March 23, 2006, 9:20 pm 60.56.229.13 blocked hashcash violation: (Your site is amaizing. Can I share some
March 23, 2006, 9:35 pm 200.242.249.70 blocked hashcash violation: (It looks like you really had a nice time
March 23, 2006, 10:39 pm 68.87.76.148 blocked hashcash violation: (I like your website alot…its lots of f

And it just keeps on going. Check it out though. Maybe there is something from it that you can add, or vice versa.
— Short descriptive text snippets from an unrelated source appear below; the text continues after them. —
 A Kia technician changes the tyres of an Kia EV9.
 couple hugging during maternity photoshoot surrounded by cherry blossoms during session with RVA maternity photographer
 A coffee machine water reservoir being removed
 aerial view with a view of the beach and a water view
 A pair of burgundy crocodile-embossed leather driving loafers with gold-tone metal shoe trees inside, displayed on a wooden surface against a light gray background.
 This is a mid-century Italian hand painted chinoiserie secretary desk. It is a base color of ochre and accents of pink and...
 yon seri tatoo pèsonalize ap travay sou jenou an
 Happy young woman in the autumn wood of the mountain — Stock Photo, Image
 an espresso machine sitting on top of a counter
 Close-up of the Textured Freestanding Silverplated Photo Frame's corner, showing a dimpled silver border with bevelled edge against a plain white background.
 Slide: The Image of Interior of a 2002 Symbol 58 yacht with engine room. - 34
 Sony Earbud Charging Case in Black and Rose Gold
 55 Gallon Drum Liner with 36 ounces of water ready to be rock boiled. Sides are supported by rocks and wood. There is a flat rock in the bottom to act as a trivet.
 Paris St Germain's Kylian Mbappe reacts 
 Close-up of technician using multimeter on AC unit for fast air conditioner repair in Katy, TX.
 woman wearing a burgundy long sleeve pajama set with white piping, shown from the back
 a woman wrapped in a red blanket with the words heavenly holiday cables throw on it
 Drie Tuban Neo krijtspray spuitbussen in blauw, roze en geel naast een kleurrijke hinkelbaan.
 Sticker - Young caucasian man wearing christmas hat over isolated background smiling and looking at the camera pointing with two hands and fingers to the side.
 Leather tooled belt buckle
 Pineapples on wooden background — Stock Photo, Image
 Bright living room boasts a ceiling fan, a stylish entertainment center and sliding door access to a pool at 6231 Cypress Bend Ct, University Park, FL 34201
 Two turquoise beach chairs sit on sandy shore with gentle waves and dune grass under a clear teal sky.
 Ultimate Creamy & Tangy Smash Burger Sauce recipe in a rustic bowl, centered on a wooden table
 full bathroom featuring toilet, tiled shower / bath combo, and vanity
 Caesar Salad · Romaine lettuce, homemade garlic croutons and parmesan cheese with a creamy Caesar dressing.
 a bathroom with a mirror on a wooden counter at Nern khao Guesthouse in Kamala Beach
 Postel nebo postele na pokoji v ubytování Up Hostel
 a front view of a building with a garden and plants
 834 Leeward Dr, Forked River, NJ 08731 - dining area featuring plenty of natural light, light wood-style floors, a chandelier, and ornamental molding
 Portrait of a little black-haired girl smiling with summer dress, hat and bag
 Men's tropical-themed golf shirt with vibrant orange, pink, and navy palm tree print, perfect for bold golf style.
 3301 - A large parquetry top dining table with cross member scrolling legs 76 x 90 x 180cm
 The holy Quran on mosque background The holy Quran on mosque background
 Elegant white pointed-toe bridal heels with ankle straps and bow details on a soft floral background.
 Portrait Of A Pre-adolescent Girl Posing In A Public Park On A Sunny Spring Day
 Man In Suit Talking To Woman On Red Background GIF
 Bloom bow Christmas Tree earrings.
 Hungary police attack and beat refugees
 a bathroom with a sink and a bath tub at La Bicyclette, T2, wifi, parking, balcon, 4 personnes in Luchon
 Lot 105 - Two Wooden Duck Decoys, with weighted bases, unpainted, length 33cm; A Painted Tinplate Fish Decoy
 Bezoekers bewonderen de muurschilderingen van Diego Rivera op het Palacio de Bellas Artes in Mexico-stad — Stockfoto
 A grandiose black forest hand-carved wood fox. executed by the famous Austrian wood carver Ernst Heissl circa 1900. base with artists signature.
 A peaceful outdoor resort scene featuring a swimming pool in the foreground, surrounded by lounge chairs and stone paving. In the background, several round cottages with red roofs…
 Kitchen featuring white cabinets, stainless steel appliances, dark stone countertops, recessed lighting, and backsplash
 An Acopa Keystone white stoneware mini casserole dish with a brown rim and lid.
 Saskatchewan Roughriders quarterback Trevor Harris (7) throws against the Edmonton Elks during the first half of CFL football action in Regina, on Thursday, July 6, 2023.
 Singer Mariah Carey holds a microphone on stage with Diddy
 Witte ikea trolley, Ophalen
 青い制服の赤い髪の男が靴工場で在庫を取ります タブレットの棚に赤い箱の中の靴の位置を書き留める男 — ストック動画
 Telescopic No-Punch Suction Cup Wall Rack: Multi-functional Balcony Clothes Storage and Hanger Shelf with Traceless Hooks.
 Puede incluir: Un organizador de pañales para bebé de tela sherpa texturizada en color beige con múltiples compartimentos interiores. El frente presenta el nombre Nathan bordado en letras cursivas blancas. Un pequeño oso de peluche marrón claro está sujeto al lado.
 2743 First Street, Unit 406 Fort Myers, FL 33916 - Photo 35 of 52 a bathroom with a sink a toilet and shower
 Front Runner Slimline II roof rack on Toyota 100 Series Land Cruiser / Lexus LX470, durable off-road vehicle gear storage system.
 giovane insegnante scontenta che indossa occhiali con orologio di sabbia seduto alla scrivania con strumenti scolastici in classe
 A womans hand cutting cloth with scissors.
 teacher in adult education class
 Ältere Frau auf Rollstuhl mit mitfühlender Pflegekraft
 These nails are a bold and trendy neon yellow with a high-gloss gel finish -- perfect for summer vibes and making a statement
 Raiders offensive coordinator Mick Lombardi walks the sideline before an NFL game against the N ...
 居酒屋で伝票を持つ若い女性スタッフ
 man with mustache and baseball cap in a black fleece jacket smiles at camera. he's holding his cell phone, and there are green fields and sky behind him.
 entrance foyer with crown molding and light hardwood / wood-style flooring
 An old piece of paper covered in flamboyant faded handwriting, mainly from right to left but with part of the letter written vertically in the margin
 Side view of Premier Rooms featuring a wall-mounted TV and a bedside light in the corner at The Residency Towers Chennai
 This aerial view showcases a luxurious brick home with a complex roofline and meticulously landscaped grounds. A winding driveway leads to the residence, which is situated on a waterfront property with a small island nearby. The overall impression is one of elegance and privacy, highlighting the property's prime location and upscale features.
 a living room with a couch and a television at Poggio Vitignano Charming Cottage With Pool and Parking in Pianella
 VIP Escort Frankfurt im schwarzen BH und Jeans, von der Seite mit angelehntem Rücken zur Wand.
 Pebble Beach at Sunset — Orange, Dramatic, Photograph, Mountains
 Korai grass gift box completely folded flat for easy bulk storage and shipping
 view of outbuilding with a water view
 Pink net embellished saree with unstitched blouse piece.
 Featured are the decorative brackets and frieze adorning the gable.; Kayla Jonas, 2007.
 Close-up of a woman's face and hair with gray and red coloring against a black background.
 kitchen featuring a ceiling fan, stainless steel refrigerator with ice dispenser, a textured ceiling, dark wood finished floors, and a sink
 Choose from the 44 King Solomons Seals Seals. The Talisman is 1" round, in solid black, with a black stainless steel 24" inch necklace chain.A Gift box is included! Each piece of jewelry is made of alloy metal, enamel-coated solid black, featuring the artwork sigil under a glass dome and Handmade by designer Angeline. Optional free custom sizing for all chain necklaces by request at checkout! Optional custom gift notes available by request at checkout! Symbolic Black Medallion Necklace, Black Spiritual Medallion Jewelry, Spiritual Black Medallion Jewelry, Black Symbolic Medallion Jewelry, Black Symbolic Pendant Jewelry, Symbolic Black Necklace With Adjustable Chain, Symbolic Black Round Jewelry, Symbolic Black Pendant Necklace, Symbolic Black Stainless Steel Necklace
Marco, the author, also makes WP plugins.

Fini

Indeed, I mentioned that in the comments above, but basically I am not at all surprised and can think of many ways spambots could be driving browsers… Unfortunately that means all filtering systems relying on “imperfections” of spambots (the way they would miss small details in headers and such) are gonna become irrelevant eventually. Since it was never something I relied on that much, this is not the end of it for now… But we’ll need to work on other areas to catch spambots…

Hi Dr. Dave,
Regarding your comments about spambots mimicking users, I think it’s a fair assumption that most spambots are actually remote controlled browser clients, I have made this kind app for a web-test tool and it really made things simpler for simulation purposes because of JS, CSS+IMG loading, headers etc. are all the real deal.

Peaceout

From one student to another – Spam Karma is one of the best things about Word Press. In my opinion, without Spam Karm, I wouldn’t even use Word Press. So thanks a millin for making it, keeping it up to date – and keeping it so incredibly painless!

I don’t have much money over, but I’m certainly willing to help write FAQs. Let me know!